● What the task asks:
For this exercise, output exactly and only the lines running from the one with "Lucy online show from 04-18-26, 01:48" through the final line of the data below, without pictures.
(Input Opens)
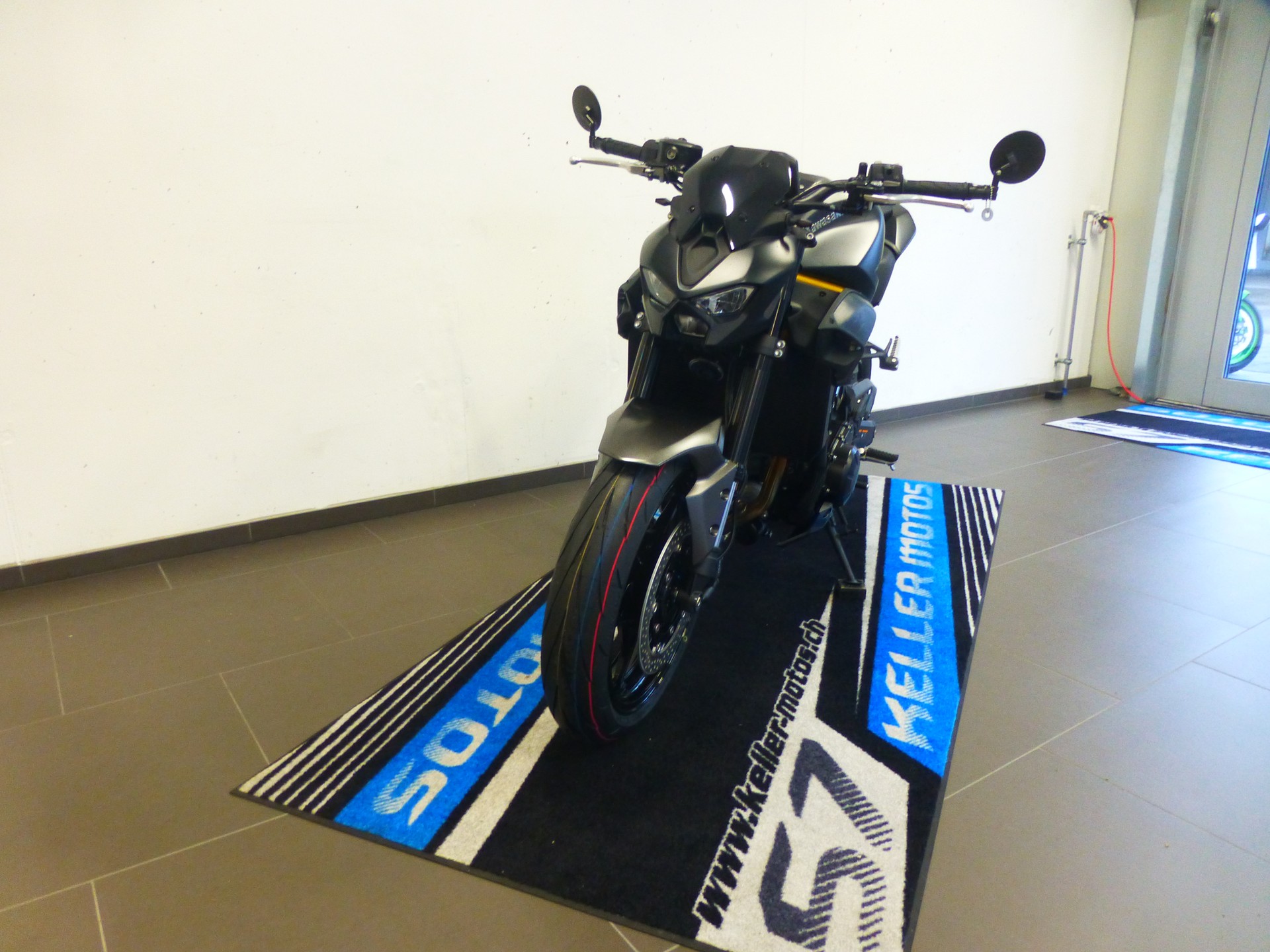 KAWASAKI Z 900 (35kW) Platin Edition-image-6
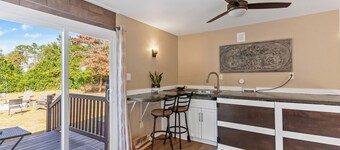 Family Beach Retreat; Hot Tub, Private Yard and Game Room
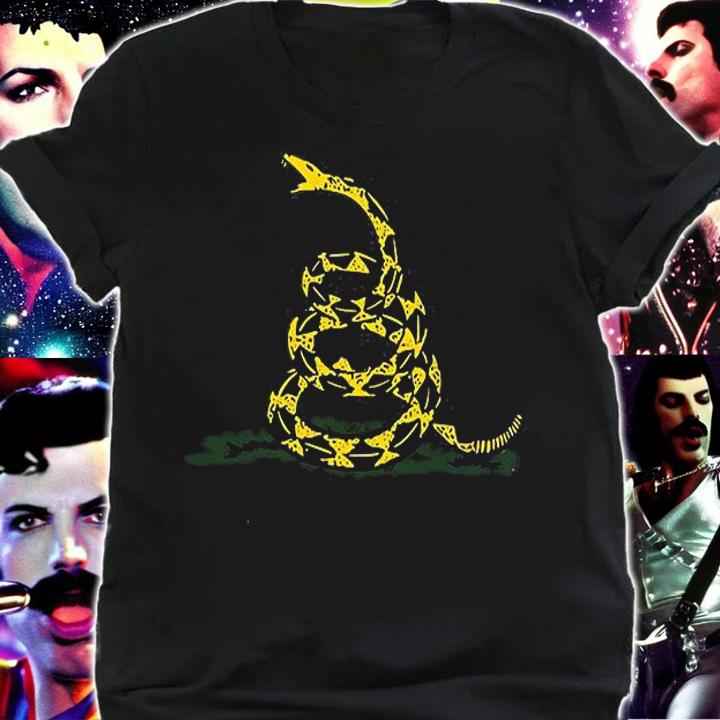 Don't Tread on Me Historical Gadsden Flag Military T-Shirt shirt
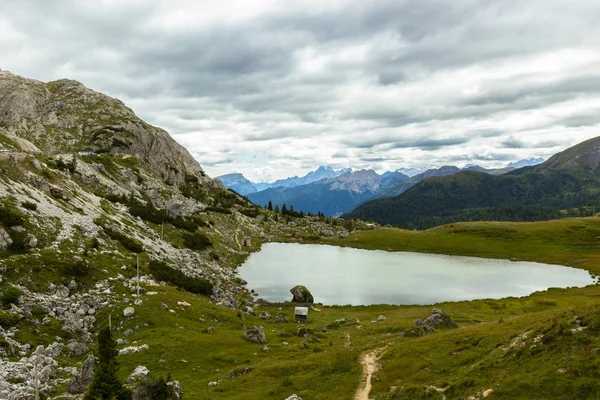 Малое горное озеро в Доломитовых Альпах, Северная Италия — стоковое фото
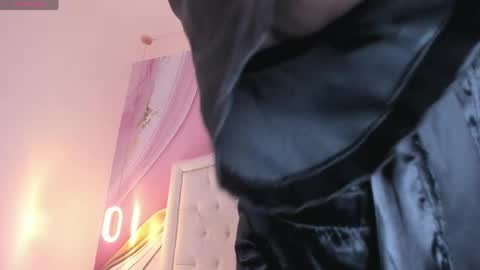 Lucy online show from 04-18-26, 01:48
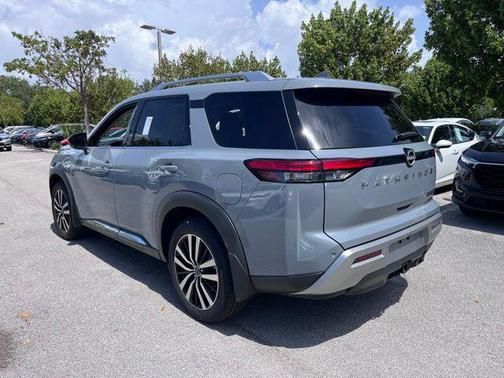 Boulder Gray Pearl 2024 Nissan Pathfinder Platinum FWD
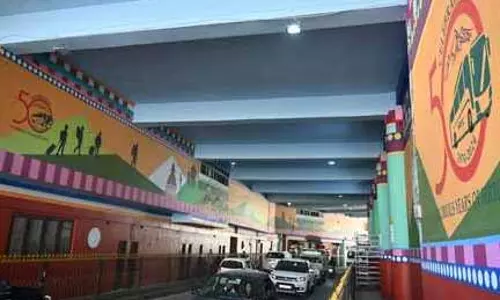Shimla बस स्टैंड सुरंग में HRTC के इतिहास को दर्शाती कलाकृतियाँ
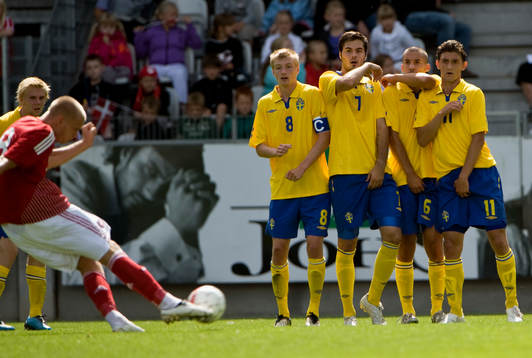 Mur, försvar, försvarsmur, frispark. Frv, Sebastian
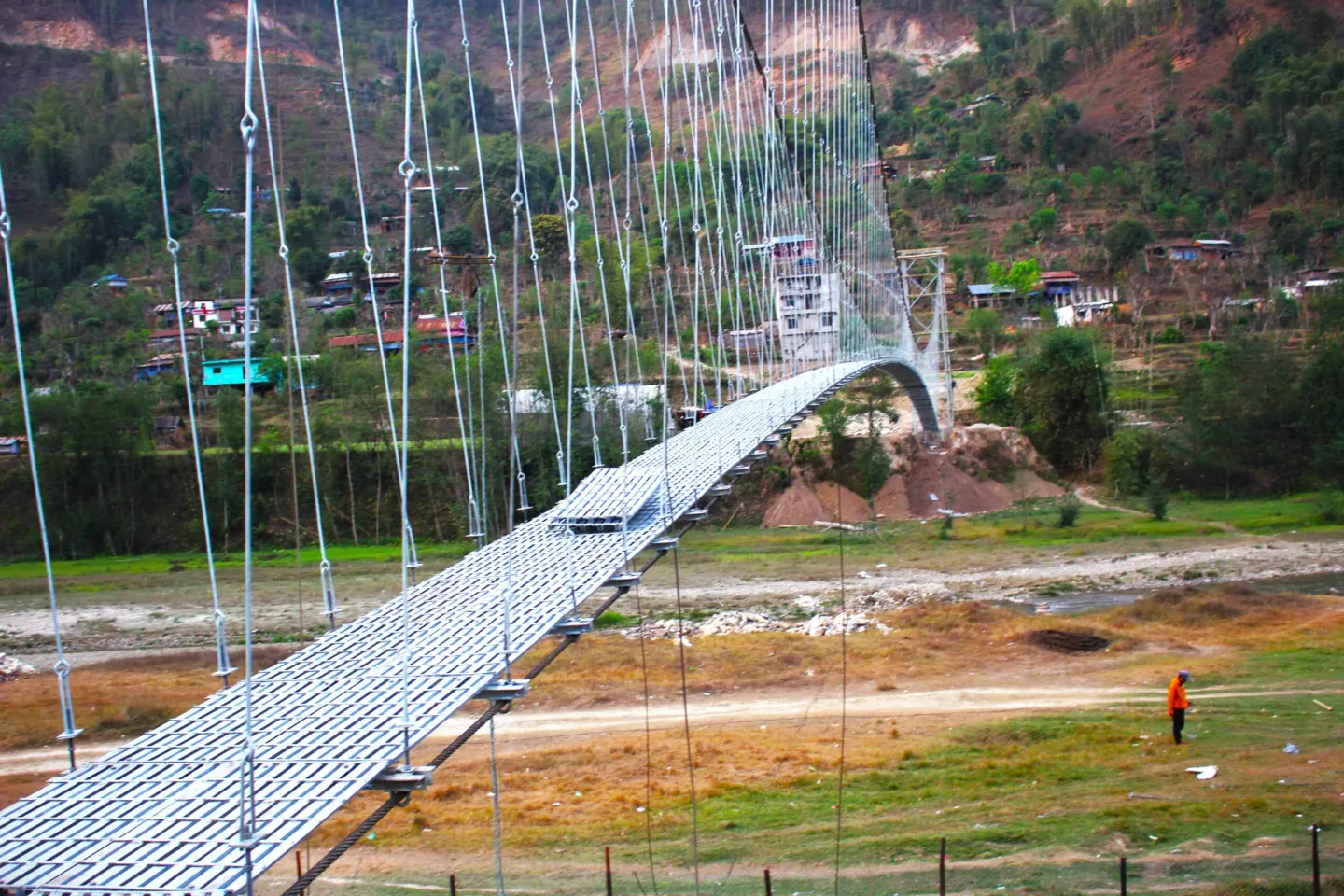 इस्मा गाउँपालिकामा समयअघि झोलुङ्गे पुल निर्माण, स्थानीयलाई सहज आवतजावत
(Input Closes)
● Written response:
 Lucy online show from 04-18-26, 01:48
 Boulder Gray Pearl 2024 Nissan Pathfinder Platinum FWD
Shimla बस स्टैंड सुरंग में HRTC के इतिहास को दर्शाती कलाकृतियाँ
 Mur, försvar, försvarsmur, frispark. Frv, Sebastian
 इस्मा गाउँपालिकामा समयअघि झोलुङ्गे पुल निर्माण, स्थानीयलाई सहज आवतजावत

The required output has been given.